- PROBLEM DETAILS: Look for the string "Outdoor" in the data below, and copy each line that holds it.

(Records from a dataset)
========

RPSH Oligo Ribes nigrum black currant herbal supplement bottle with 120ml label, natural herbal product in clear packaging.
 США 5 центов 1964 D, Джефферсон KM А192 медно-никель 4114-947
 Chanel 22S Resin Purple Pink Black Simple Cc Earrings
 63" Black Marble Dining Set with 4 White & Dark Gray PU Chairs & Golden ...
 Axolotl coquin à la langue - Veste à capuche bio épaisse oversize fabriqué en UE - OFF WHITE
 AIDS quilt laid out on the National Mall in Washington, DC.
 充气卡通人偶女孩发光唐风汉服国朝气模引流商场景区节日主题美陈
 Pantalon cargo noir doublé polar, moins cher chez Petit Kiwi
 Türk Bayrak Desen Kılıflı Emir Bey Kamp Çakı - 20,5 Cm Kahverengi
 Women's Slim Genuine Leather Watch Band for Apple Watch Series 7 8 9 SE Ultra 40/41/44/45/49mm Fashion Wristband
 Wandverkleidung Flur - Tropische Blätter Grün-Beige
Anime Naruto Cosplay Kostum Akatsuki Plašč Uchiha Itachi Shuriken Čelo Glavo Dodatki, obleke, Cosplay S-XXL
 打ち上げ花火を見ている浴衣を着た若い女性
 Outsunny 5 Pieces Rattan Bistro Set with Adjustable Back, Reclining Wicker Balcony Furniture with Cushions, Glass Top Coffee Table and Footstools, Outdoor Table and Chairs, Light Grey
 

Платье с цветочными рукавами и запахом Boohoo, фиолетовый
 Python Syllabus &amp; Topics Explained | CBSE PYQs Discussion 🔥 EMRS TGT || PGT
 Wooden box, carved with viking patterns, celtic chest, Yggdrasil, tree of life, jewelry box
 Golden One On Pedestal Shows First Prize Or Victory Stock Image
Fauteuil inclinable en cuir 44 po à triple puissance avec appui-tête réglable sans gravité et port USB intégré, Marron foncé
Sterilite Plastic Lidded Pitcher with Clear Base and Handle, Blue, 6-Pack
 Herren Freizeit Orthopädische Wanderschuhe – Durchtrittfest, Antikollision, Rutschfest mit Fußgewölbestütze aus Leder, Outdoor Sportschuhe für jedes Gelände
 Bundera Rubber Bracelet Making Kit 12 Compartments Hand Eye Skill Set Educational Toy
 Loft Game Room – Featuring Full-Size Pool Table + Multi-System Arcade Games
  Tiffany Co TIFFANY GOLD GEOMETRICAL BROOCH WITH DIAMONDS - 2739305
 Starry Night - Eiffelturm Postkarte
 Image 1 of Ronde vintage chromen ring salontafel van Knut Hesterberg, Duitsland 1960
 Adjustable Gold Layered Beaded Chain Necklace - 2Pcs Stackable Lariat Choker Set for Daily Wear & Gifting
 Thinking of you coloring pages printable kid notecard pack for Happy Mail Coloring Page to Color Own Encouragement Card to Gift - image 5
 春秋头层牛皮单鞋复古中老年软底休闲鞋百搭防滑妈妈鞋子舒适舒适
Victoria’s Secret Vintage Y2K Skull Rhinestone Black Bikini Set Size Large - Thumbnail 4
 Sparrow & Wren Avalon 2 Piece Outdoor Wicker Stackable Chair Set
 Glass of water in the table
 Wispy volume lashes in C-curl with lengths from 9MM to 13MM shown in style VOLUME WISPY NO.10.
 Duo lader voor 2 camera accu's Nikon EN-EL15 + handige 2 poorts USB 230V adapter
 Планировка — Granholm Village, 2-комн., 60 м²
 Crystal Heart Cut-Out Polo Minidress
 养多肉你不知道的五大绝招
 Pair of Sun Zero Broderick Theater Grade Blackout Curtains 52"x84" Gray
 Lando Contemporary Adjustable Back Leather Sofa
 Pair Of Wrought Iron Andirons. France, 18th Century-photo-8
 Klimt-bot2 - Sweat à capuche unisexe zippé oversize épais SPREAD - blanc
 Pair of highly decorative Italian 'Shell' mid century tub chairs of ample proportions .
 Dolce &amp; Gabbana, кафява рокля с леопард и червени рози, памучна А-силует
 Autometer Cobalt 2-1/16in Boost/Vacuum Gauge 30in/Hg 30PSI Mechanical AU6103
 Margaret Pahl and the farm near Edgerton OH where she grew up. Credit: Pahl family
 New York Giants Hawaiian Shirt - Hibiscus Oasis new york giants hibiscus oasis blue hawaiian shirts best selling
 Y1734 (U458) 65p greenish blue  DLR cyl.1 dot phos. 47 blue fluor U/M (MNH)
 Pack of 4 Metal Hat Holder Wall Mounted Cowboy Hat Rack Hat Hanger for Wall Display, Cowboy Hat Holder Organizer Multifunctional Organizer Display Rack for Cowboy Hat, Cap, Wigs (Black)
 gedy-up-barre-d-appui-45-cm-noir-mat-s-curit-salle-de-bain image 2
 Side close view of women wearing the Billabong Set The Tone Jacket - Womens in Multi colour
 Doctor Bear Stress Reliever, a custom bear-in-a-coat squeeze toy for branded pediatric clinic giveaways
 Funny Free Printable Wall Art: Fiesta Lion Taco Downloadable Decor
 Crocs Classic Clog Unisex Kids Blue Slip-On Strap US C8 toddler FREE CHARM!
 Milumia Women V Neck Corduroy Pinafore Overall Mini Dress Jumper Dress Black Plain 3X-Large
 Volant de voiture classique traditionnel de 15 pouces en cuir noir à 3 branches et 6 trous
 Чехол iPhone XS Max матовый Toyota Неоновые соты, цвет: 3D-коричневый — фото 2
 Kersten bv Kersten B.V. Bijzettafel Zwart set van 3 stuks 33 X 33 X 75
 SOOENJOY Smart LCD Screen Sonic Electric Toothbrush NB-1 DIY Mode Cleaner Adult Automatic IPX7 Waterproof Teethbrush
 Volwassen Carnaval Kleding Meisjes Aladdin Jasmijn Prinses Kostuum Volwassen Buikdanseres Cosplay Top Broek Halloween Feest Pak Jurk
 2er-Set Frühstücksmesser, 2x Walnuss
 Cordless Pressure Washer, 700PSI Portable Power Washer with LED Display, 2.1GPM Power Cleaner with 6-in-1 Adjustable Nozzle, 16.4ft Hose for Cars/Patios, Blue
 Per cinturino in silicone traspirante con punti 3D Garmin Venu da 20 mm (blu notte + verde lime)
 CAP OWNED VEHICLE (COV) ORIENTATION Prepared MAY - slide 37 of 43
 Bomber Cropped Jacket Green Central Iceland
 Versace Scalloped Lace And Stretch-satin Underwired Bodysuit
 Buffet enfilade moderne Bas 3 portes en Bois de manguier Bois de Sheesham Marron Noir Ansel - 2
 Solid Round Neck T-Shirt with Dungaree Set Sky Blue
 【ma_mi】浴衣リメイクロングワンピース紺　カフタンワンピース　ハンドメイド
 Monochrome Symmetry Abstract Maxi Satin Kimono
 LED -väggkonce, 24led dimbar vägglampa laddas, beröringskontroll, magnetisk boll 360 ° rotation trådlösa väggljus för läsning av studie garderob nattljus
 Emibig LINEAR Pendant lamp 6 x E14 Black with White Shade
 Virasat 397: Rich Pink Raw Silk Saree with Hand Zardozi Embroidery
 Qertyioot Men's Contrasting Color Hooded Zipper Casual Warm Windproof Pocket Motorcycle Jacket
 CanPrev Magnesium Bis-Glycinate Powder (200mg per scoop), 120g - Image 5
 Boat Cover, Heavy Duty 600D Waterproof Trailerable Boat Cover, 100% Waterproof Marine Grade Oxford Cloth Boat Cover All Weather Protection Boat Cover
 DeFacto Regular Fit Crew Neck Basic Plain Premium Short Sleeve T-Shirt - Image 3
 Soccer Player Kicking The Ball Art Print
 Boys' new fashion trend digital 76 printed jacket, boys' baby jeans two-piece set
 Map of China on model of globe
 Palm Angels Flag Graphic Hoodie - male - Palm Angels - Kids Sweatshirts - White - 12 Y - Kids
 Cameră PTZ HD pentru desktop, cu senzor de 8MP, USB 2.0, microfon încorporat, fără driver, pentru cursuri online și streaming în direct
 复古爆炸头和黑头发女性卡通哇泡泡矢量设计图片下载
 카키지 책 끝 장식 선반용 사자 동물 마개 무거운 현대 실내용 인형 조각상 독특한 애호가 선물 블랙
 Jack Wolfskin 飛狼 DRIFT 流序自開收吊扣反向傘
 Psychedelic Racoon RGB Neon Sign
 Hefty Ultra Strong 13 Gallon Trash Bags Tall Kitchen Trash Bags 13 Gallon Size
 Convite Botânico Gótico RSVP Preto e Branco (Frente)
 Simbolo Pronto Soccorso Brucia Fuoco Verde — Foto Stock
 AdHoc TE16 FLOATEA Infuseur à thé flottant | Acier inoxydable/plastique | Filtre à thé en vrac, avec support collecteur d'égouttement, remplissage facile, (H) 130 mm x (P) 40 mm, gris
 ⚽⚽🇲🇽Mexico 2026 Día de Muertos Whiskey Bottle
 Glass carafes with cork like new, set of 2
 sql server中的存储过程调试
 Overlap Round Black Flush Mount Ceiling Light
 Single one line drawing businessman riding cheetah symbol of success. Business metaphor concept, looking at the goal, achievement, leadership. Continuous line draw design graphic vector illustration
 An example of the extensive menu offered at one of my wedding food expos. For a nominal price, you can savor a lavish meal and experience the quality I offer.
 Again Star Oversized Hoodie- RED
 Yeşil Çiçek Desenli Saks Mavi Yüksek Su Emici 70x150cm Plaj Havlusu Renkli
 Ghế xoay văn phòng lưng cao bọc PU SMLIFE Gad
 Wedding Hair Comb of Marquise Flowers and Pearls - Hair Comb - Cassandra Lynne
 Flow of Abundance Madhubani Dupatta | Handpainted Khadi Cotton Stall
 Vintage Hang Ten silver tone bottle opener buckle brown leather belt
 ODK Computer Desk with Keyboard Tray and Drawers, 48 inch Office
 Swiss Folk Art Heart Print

========

- RESPONSE TO THIS TASK:
 Outsunny 5 Pieces Rattan Bistro Set with Adjustable Back, Reclining Wicker Balcony Furniture with Cushions, Glass Top Coffee Table and Footstools, Outdoor Table and Chairs, Light Grey
 Herren Freizeit Orthopädische Wanderschuhe – Durchtrittfest, Antikollision, Rutschfest mit Fußgewölbestütze aus Leder, Outdoor Sportschuhe für jedes Gelände
 Sparrow & Wren Avalon 2 Piece Outdoor Wicker Stackable Chair Set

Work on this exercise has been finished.